START THE DATA
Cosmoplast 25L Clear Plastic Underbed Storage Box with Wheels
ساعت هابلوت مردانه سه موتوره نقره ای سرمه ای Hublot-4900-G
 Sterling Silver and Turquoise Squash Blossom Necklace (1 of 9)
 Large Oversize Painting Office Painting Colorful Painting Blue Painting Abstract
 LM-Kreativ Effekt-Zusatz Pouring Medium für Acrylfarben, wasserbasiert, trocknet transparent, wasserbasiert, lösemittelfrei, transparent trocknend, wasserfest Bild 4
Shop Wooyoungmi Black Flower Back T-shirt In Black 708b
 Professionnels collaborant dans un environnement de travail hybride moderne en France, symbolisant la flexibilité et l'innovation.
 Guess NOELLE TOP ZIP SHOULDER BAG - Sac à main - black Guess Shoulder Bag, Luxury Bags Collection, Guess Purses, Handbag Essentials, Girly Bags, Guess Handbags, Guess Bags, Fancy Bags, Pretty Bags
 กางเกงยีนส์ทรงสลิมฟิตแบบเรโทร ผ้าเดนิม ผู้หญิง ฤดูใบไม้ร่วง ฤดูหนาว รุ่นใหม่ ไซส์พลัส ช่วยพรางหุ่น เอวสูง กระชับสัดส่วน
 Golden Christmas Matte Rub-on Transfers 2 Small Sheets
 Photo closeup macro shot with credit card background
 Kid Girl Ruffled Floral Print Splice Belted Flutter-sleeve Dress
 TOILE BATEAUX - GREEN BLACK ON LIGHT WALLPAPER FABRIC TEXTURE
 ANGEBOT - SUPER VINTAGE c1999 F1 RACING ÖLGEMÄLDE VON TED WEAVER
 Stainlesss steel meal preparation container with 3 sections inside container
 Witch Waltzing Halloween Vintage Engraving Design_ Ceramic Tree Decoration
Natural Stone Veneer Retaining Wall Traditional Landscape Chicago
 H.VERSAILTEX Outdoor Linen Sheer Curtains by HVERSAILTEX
END THE DATA
→ **WORK REQUIRED**
Repeat, exactly as they stand, the line that contains "Photo closeup macro" and all the lines after it in the data above.

→ **TASK RESPONSE**
 Photo closeup macro shot with credit card background
 Kid Girl Ruffled Floral Print Splice Belted Flutter-sleeve Dress
 TOILE BATEAUX - GREEN BLACK ON LIGHT WALLPAPER FABRIC TEXTURE
 ANGEBOT - SUPER VINTAGE c1999 F1 RACING ÖLGEMÄLDE VON TED WEAVER
 Stainlesss steel meal preparation container with 3 sections inside container
 Witch Waltzing Halloween Vintage Engraving Design_ Ceramic Tree Decoration
Natural Stone Veneer Retaining Wall Traditional Landscape Chicago
 H.VERSAILTEX Outdoor Linen Sheer Curtains by HVERSAILTEX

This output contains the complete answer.